The County is authorized by law to issue bonds to fund a project to restore and renourish the state's beaches. See art. VII, § 12, Fla. Const.; § 125.01, Fla. Stat. (2007). As stated previously, the bonds in this case are funded by revenue from the tourist development tax and special assessments on the properties within the MSBU. See §§ 125.01, .0104, Fla. Stat. In turn, the imposition of a special assessment to fund a bond issuance requires (1) that the property subject to the assessment derive a “special benefit” and (2) that the assessment be properly apportioned among the specially benefitting properties. City of Winter Springs v. State, 776 So.2d 255, 258 (Fla.2001). Appellants' argument in this issue rests on the County's imposition of a special assessment on the property within the MSBU. Relying on our decision in Orange County Industrial Development Authority v. State, 427 So.2d 174 (Fla.1983), appellants claim that the finding that their properties would receive a “special benefit” from the beach renourishment project undermines the public purpose of the project itself and thus the bonds cannot be validated.

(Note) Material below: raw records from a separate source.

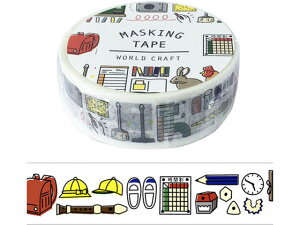 y񂹁z[hNtg }XLOe[v  15mm×7m 4 MT-039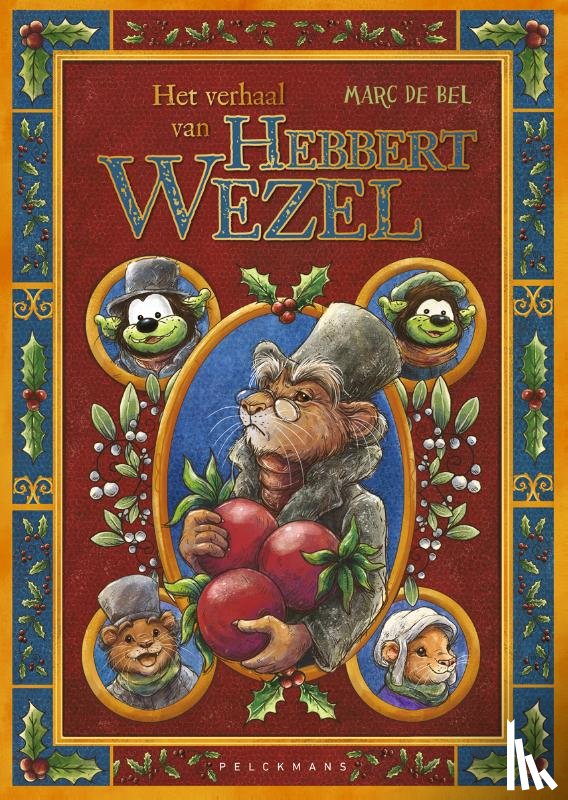 de Bel, Marc - Het verhaal van Hebbert Wezel
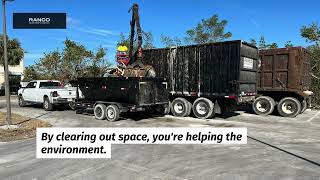 Waste Management Service Statesboro GA - Ranco Environmental Services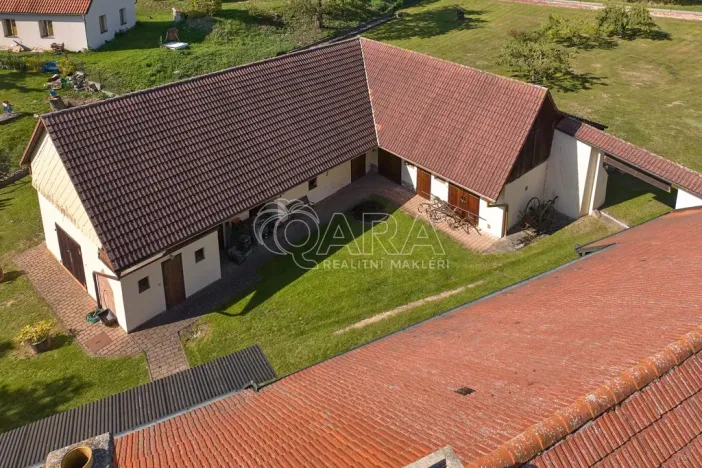 Prodej rodinného domu, Postupice - Čelivo, 451 m2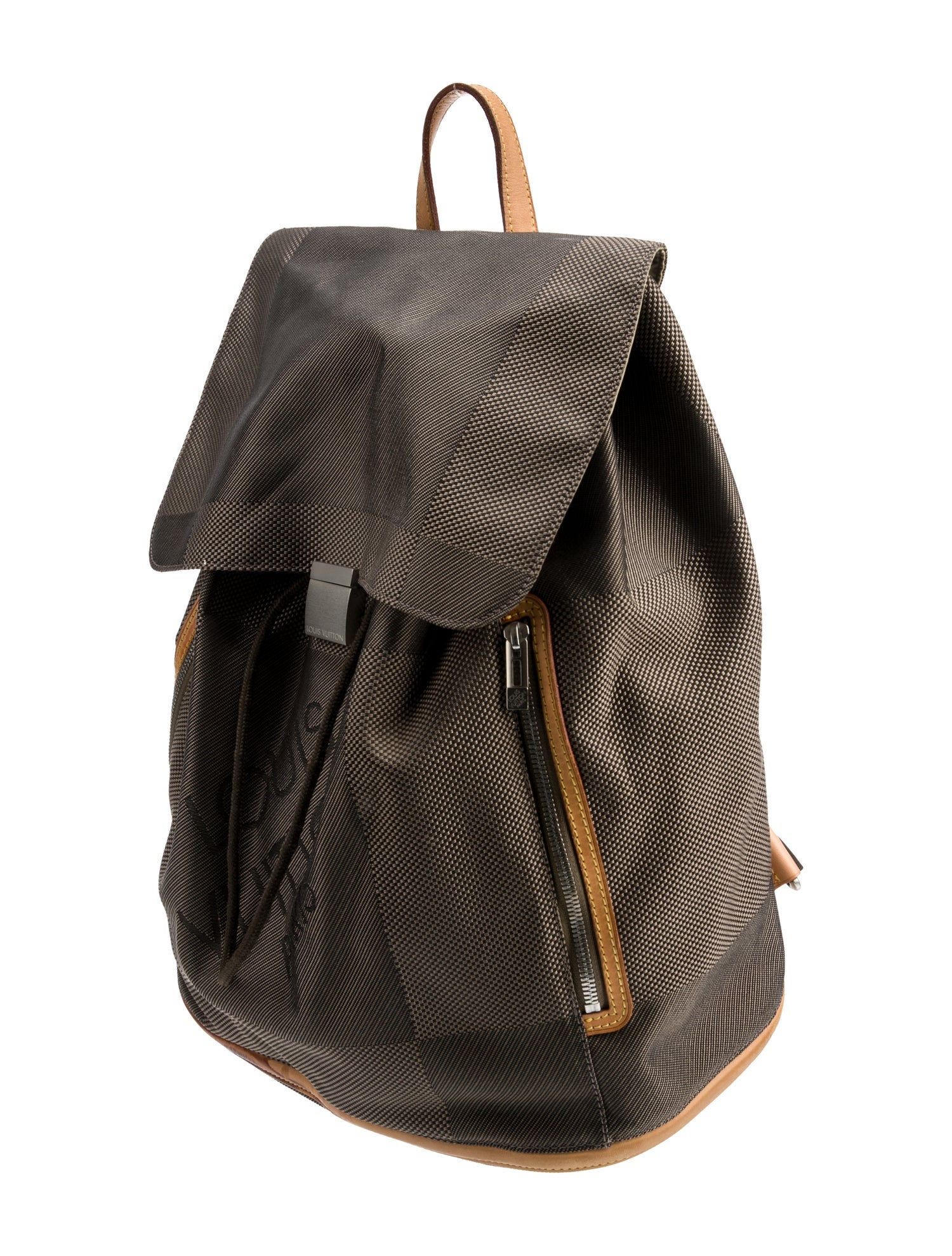 Louis Vuitton Damier Graphite Backpack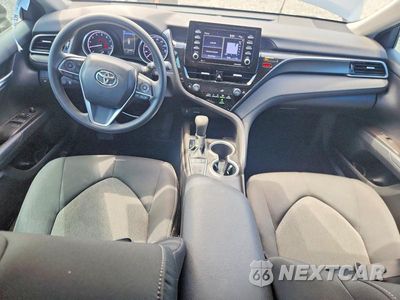 Zdjęcie 8 z 12 samochodu: 2023 TOYOTA CAMRY LE VIN:4T1C11AK5PU725818 - miniatura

In Orange County, we reviewed the county's appeal from a circuit court judgment determining that the bonds violated article VII, section 10 of our state constitution and thus denied validation. 427 So.2d at 176. This provision of our constitution states in part that “[n]either the state nor any county, school district, municipality, special district, or agency of any of them, shall ․ give, lend or use its taxing power or credit to aid any corporation, association, partnership or person.” Art. VII, § 10, Fla. Const.5 We have stated that the “purpose of [this provision] is ‘to protect public funds and resources from being exploited in assisting or promoting private ventures when the public would be at most only incidentally benefited.’ “ State v. Miami Beach Redevelopment Agency, 392 So.2d 875, 885 (Fla.1990) (emphasis added) (quoting Bannon v. Port of Palm Beach Dist., 246 So.2d 737, 741 (Fla.1971)).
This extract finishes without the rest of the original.